The film orbits Vahid, an Azerbaijani auto mechanic whose life never really left the prison where he was held for labour activism. When Eqbal arrives at his workshop with his wife and daughter, the story turns into a moral puzzle: Is this really the same man? What counts as proof when your memories come from behind a blindfold? And if he is guilty, what kind of punishment could ever feel like enough?

Scenes unfold in garages, on dusty roads, inside a van carrying a man in a wooden box, shifting between tense, tragic, and unexpectedly comic without ever feeling showy. A small, ramshackle group gathers around Vahid’s mission, and suddenly this “accident” becomes a collective attempt to judge one man in place of an entire system.
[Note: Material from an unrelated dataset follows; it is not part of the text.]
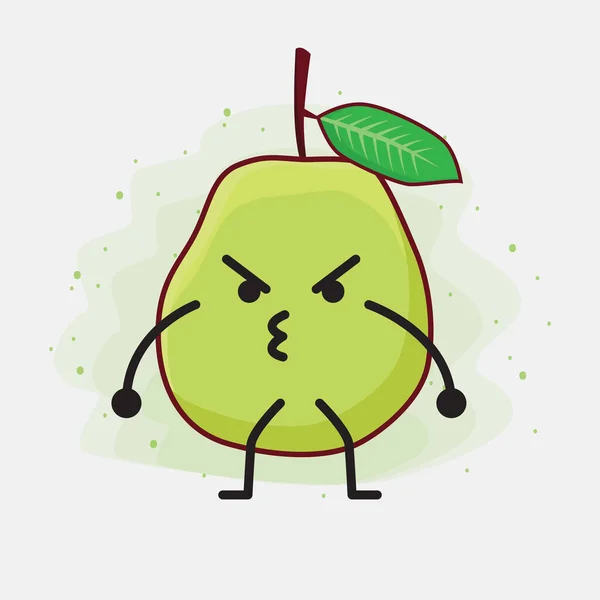 Illustration Cute Green Guava Fruit Mascot Character — Stock Vector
By the end, the story feels less like a revenge movie and more like a thought experiment about the “day after” the regime falls, when people finally have to decide what to do with their anger and grief. It’s a film about recognition of faces, of guilt, of history that refuses to give easy answers, and that’s exactly why it sticks. It Was Just an Accident is a sharp, nervy, and quietly devastating political thriller that turns one chance encounter into a full-blown reckoning with memory and justice.